Print all the data below exactly, without images.

-- RECORDS SUPPLIED follows --

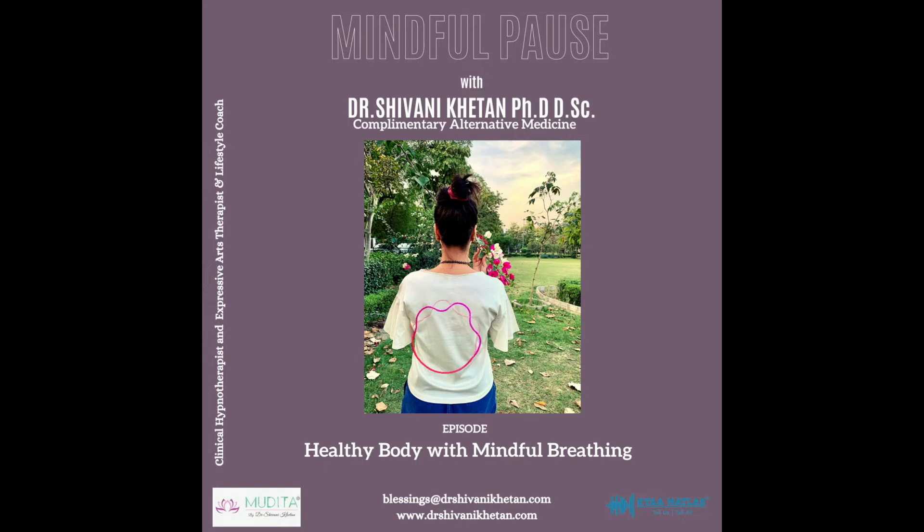Hello and welcome to this healing session of Mindful Breathing with Dr. Shivani Khitan. In the infinity of life where I am, all is perfect, whole and complete.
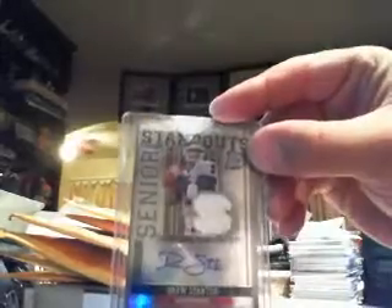This is what was actually in there — my Drew Stanton autograph, Senior Standouts from Draft Picks and Prospects. I believe it's 15 of 75. Nothing special on the numbering, but still a nice card.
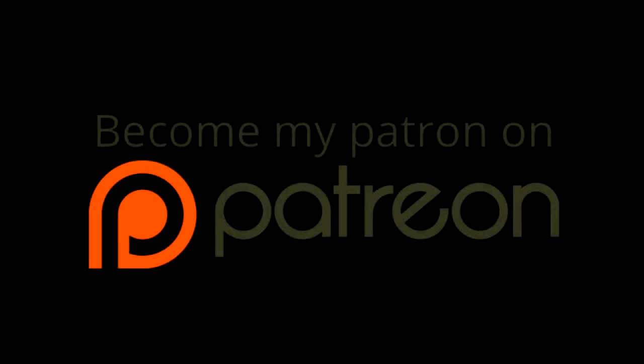Thank you for staying to the end — thanks very much for watching. If you'd like to further support my channel, you can become my patron on Patreon. You can pledge as little as a dollar a month and you are helping me create more and better content. If you can't, that's fine — just watching and sharing helps my channel a lot. Follow the link in the description below for all the details. I hope you can spare a dollar to make this hobby of mine a job — thanks for watching and I hope to see you on the next video.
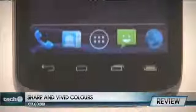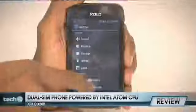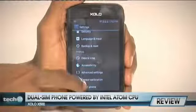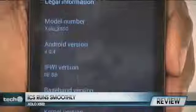although the resolution is a bit low. The X500 is a dual-SIM phone and is powered by a 1.2GHz Intel Atom CPU. There's Android 4.0 on board, which is also upgradable to Android 4.1.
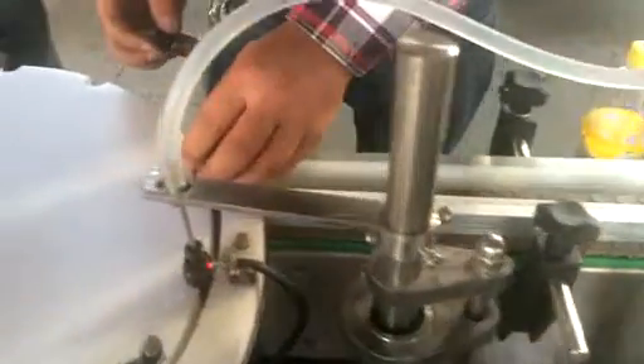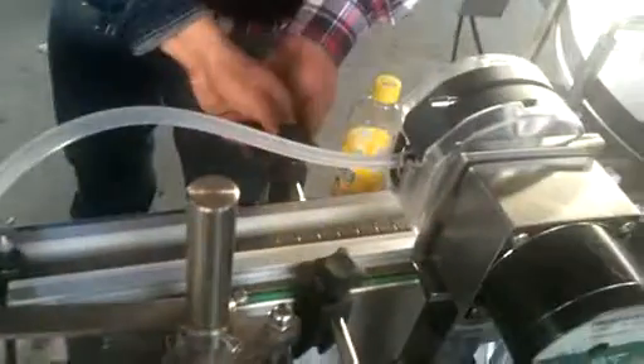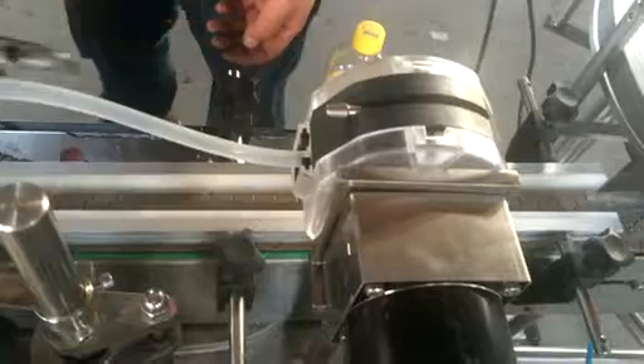Now we have to cut this. If you see this, you can twist it to the rod. I'm going to twist it to the rod. Then we are going to twist it to the rod, and then it's going to be back.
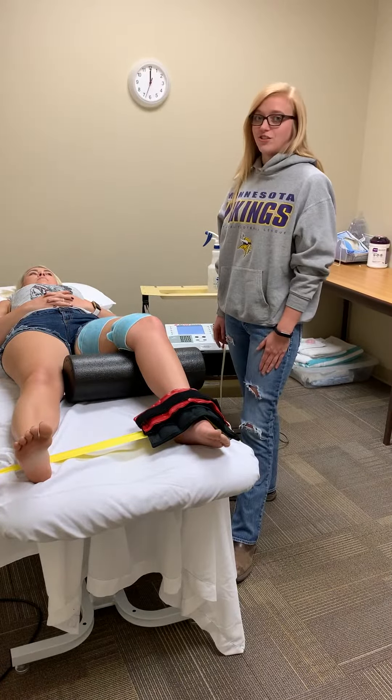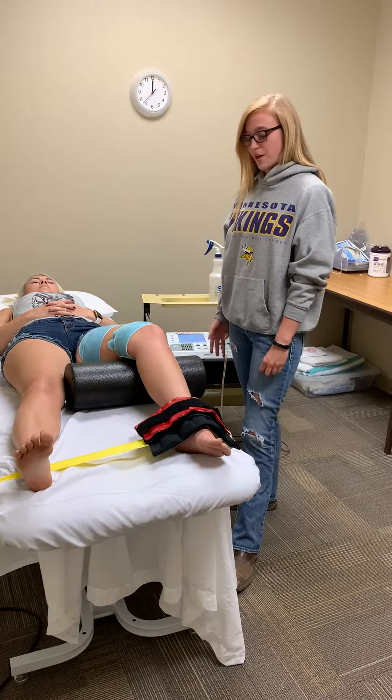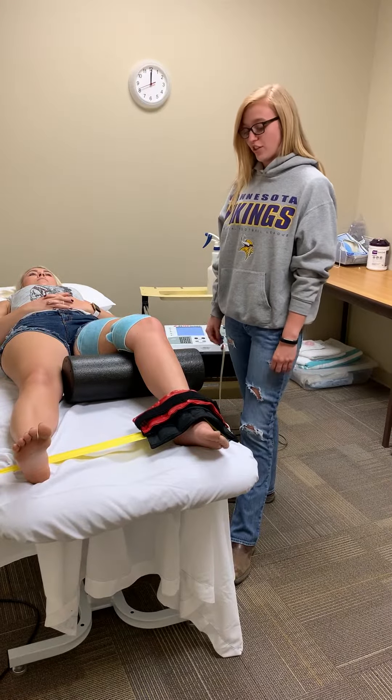Some contraindications for this — we want to screen for those first, so making sure she's not pregnant or has a pacemaker. We're using this therapy today to help strengthen her quad.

-- RECORDS SUPPLIED concluded --

### ANSWER TO THIS PROBLEM
Hello and welcome to this healing session of Mindful Breathing with Dr. Shivani Khitan. In the infinity of life where I am, all is perfect, whole and complete.
This is what was actually in there — my Drew Stanton autograph, Senior Standouts from Draft Picks and Prospects. I believe it's 15 of 75. Nothing special on the numbering, but still a nice card.
Thank you for staying to the end — thanks very much for watching. If you'd like to further support my channel, you can become my patron on Patreon. You can pledge as little as a dollar a month and you are helping me create more and better content. If you can't, that's fine — just watching and sharing helps my channel a lot. Follow the link in the description below for all the details. I hope you can spare a dollar to make this hobby of mine a job — thanks for watching and I hope to see you on the next video.
although the resolution is a bit low. The X500 is a dual-SIM phone and is powered by a 1.2GHz Intel Atom CPU. There's Android 4.0 on board, which is also upgradable to Android 4.1.
Now we have to cut this. If you see this, you can twist it to the rod. I'm going to twist it to the rod. Then we are going to twist it to the rod, and then it's going to be back.
Some contraindications for this — we want to screen for those first, so making sure she's not pregnant or has a pacemaker. We're using this therapy today to help strengthen her quad.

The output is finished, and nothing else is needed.